While most of the story is told first-person by Watney, and he is obviously the central character to the drama, the cast of characters on the ground in NASA were also well-drawn, smart, and funny. If you do read The Martian, and I SERIOUSLY hope you do, please do yourself a favor and DO NOT look up the cast of the movie that is coming out on Thanksgiving. (Side note: Sorry family, dinner’s going to have to be late this year, I’m going to be busy…) Most of the casting is absolute perfection, but of course the pictures in your head will be better unbiased.

The non-stop action eventually does give way to a story full of heart. Without a doubt, it’s a story about the persistence of mankind to survive. It wouldn’t be very exciting if Watney just gave up and OD’ed on morphine on Sol 6. But it’s also about the incredible generosity and goodness of mankind, the people who devote sleepless days and weeks and months for rescuing one stranger. I know it’s a bold statement for February, but The Martian might end up being the best book I’ve read and will read in 2015. That’s how freaking much I loved this brilliant and funny story of the first guy to colonize Mars.

Rating: 10, One of the best books ever! (Thoroughly captivating and re-readable. Complex and without flaw.)

nerdy girl reads: big little lies

I will straight up tell you I judged this book by its cover:

big-little-lies

While it is beautifully designed and the imagery is striking, it is very clearly some form of chick lit, right? So I judged it and put off reading it. I guess I was trying to be literary? Ugh, so pretentious! Then I had to wait a million years (a month or two?) for my hold to come in at the library. Guess what? It’s totally chick lit. But Liane Moriarty’s Big Little Lies was one of my favorite books of this year. Sure it’s no heavy, full-of-lessons tome like The Goldfinch, but once I started reading, I never wanted to stop.

Big Little Lies follows the over-the-top schoolyard drama surrounding three women in suburban Sidney: Madeline, who is funny and smart and always holds her grudges…and whose ex-husband and his yogi new wife have moved into the hood, meaning their daughter is in the same kindergarten class as Madeline’s youngest; Celeste, who is always the most beautiful woman in the room, but is also always covering up her bruises; and sad single mom Jane, who is so young that the other mothers mistake her for the nanny and so worried she’ll never move on from her disastrous one-night stand six years ago.
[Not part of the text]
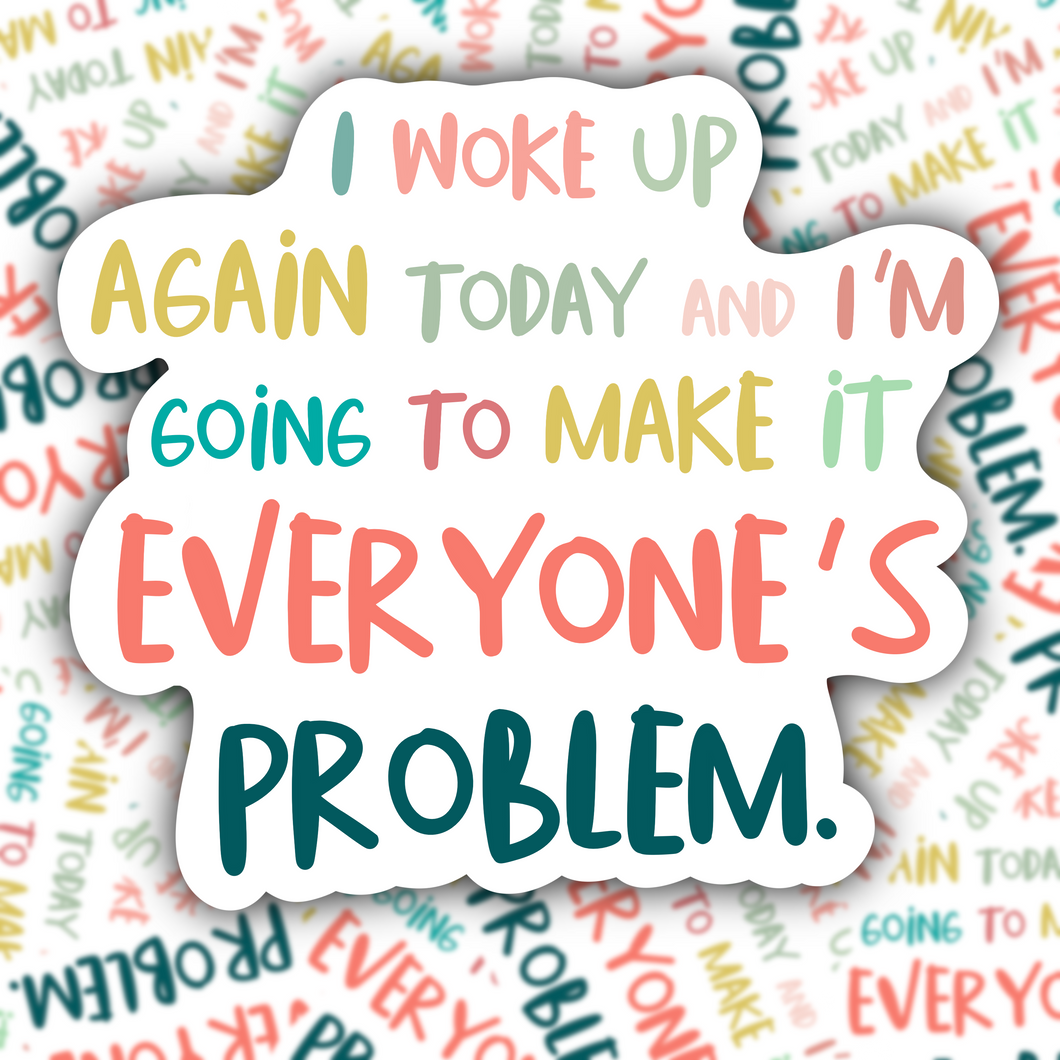 I'm Everyone's Problem STICKER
Everything leads up the final scene, a drunken school trivia fundraiser, where we’ve learned through the (hilarious) police interviews scattered in between chapters that a murder has occurred. As the reader, you don’t even know who the victim is until the fateful trivia night, and it is a whirlwind ride getting there. The story jumps effortlessly from light to dark to light again, which is why when I’ve recommended it to people, I’ve said it’s an incredibly fun and funny read…that deals with murder and domestic abuse and elementary school drama. USA Today probably says it best: Reading Big Little Lies “is a bit like drinking a pink cosmo laced with arsenic… [BIG LITTLE LIES] is a fun, engaging and sometimes disturbing read.”

As I’ve said, I definitely didn’t want to put this book down. The quick pacing and shifting of narration keep you on your toes and some of the plot lines (especially Madeline’s) are so absurd, you can’t help but laugh out loud. I also read Moriarty’s The Husband’s Secret (another good read, but lacks the same spark that BLL has) this year and it’s obvious after the success of the two novels, she prefers this three-character format. It definitely works for her and I’m amazed at how richly and realistically the characters are portrayed in so little page time. This book honestly had everything I love in a book: Real characters, great plot, tons of humor, suspense, witty emails/police documents. You know. On the surface this was about a group of parents acting badly. But under the surface are the ooey-gooey issues — bullying, abuse, trauma. Considering everything that was tackled in this book it should not have worked but it did, and that is to the author’s credit. I have recommended it to anyone and everyone who has asked me for new reading suggestions and do the same here. You’ll love it. I want to go back in time so I can read it for the first time again, that’s how much I loved it.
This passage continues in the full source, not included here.